→ PROBLEM STATEMENT
Return the line containing "Hilton Hotels in" together with every later line up to the end of the records, exactly and with no pictures; return nothing else.

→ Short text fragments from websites
BEGIN

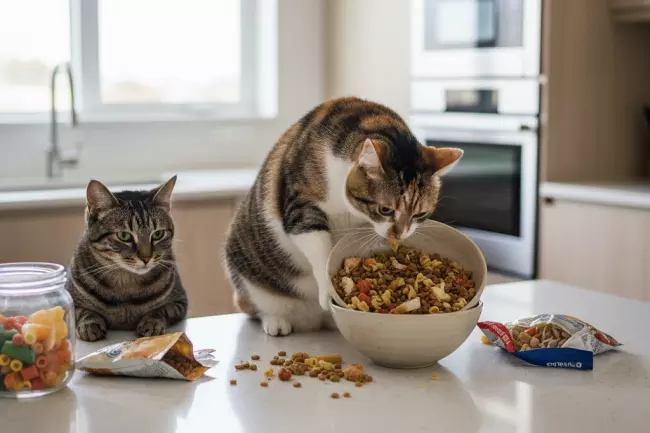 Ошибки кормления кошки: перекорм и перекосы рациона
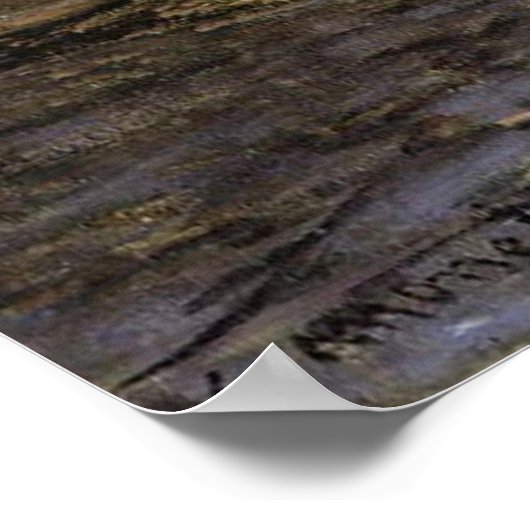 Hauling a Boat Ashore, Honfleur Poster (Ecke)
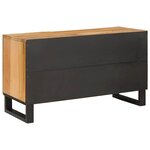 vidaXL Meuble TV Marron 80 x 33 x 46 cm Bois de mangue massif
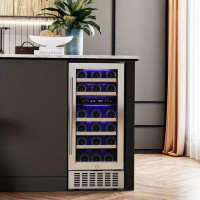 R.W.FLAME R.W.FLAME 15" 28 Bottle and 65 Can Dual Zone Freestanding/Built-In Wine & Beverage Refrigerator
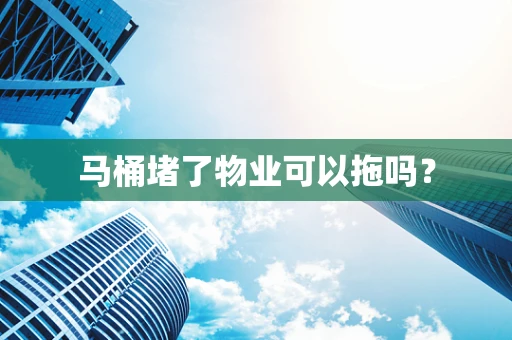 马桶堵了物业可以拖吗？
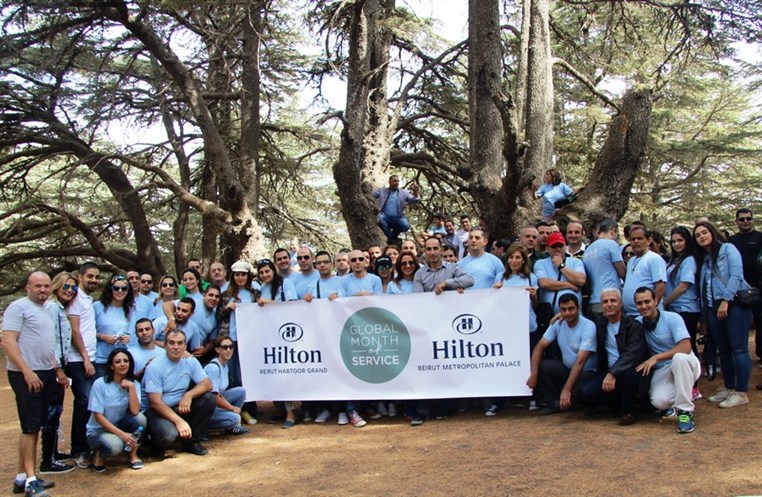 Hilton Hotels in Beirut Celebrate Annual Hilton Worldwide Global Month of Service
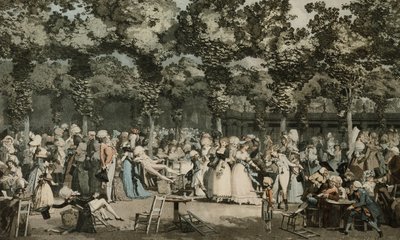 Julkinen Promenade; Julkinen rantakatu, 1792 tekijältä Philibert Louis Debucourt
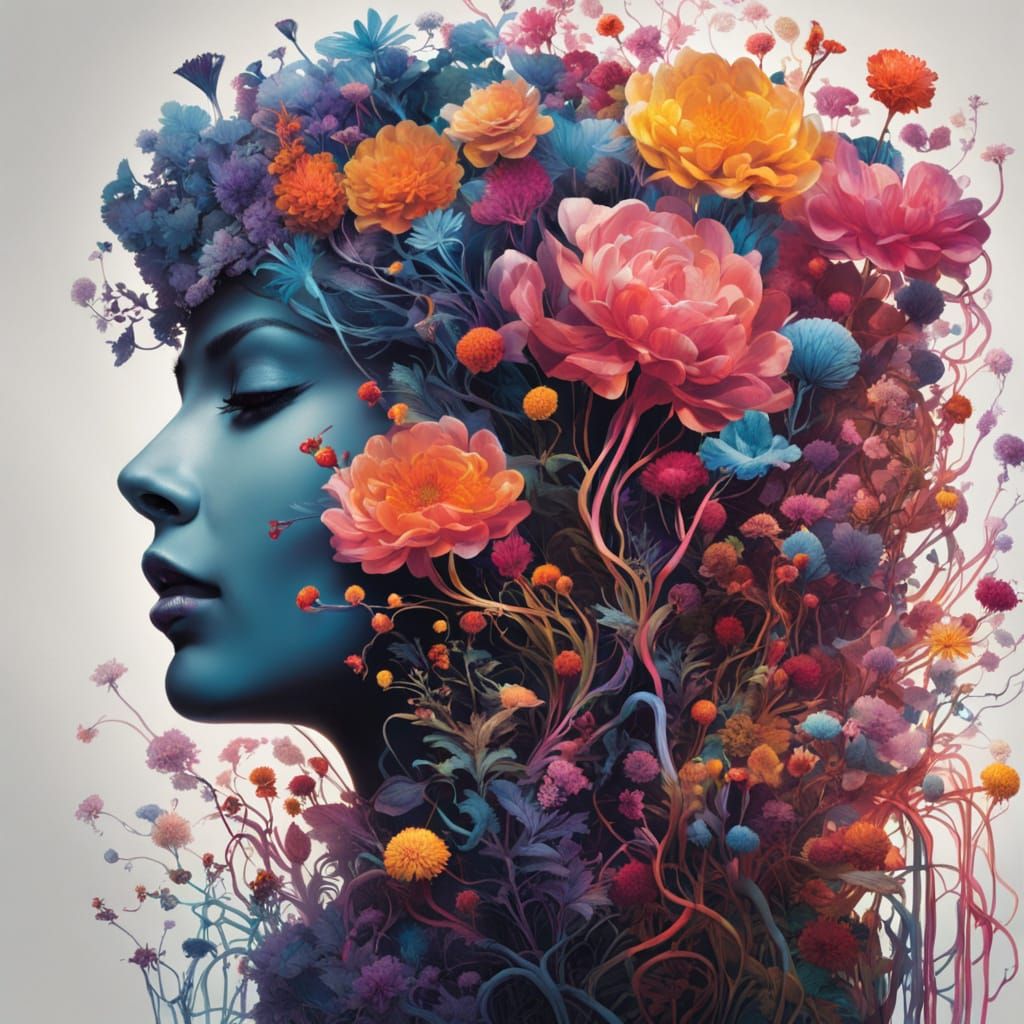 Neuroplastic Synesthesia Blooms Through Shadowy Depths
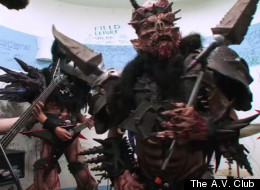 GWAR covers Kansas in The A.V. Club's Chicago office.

END

→ RESPONSE AREA
 Hilton Hotels in Beirut Celebrate Annual Hilton Worldwide Global Month of Service
 Julkinen Promenade; Julkinen rantakatu, 1792 tekijältä Philibert Louis Debucourt
 Neuroplastic Synesthesia Blooms Through Shadowy Depths
 GWAR covers Kansas in The A.V. Club's Chicago office.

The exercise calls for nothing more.